Apesar de falar do máximo sua filosofia, como um pensamento cristão, não exclui os particulares que estão no universo, isto é, no máximo contraído, imagem do máximo absoluto[25]. Todo particular tem singularidade tal que, assim como a variedade dos números se diversifica ao infinito em composição, complexão, proporção, harmonia, movimento e todas as coisas[26], nenhum homem é como outro no que quer que seja, nem nos sentidos, nem na imaginação, nem no intelecto, nem na acção, como a escrita, a pintura ou a arte[27]. Contudo falar da contração pela pluralidade não faz com que Deus seja plural, pelo contrário, Ele é a unidade mais simples, a unidade de muitas coisas, existindo como que um mediador do universo e de todas as coisas em Deus[28], onde em Anaxágoras qualquer coisa é em qualquer coisa[29].

Repara no exemplo: é claro que a linha infinita é linha, triângulo, círculo e esfera[30]. Toda a linha finita tem o seu ser devido à infinita que é tudo aquilo que é.
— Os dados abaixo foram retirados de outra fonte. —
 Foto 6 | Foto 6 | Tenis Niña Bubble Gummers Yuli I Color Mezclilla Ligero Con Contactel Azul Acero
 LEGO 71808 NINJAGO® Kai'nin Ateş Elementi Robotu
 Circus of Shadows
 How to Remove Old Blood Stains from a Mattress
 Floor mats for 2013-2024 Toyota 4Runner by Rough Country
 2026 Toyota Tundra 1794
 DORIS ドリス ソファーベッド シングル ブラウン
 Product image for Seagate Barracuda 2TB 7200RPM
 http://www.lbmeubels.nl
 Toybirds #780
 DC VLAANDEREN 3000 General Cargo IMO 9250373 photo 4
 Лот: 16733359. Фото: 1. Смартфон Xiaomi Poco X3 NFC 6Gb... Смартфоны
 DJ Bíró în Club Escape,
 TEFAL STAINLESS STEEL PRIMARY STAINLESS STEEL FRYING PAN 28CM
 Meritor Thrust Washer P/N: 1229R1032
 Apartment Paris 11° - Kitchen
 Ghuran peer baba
Por isso, na linha finita tudo aquilo que é a linha infinita – como linha, triângulo, etc. –, é aquilo que é a linha finita. Assim, toda a figura na linha finita é a própria linha (…) E para que vejas com mais clareza: a linha não pode ser em acto senão no corpo (…) Mas ninguém duvida de que no corpo longo, largo e profundo estão complicadas todas as figuras. Todas as figuras são, pois, em acto na linha em acto a própria linha, no triângulo triângulo e assim sucessivamente. Na verdade, todas as coisas são pedra na pedra, na alma vegetativa a própria alma, na vida vida, nos sentidos sentidos, na vista vista, no ouvido ouvido, na imaginação imaginação, na razão razão, no intelecto intelecto, em Deus Deus. E agora vê como a unidade das coisas ou o universo é na Pluralidade e, inversamente, a pluralidade na unidade.

Considera mais atentamente e verás como qualquer coisa que existe em acto repousa pelo facto de todas as coisas nela serem ela própria e ela própria em Deus ser Deus. Vês a admirável unidade das coisas, a unidade digna de ser admirada e a conexão sumamente admirável de modo que tudo seja em tudo[31].

A então referida contração dos indivíduos faz com que eles não sejam sumamente perfeitos, pois a perfeição máxima está unicamente em Deus. Assim existe uma diversidade de graus de perfeição, e todas as coisas são o que são do melhor modo possível entre o máximo e o mínimo, mas esses graus variam conforme a conexão gradual que se tem com Deus, nunca se chegando ao máximo, porque o máximo é Deus ele mesmo. Como existe uma gradação e a natureza humana, pouco inferior à angélica, reúne em si a natureza intelectual e sensível, o homem é um microcosmo, a espécie mais elevada dentre as obras de Deus.


Notas

[1] Cf. Platão, Apologia, 23 b.

[2] Cf. Eclesiastes 1, 8.

[3] O termo “possibilidade” significa para Nicolau de Cusa a contração do ato infinito (Deus) que será explicado no decorrer deste escrito.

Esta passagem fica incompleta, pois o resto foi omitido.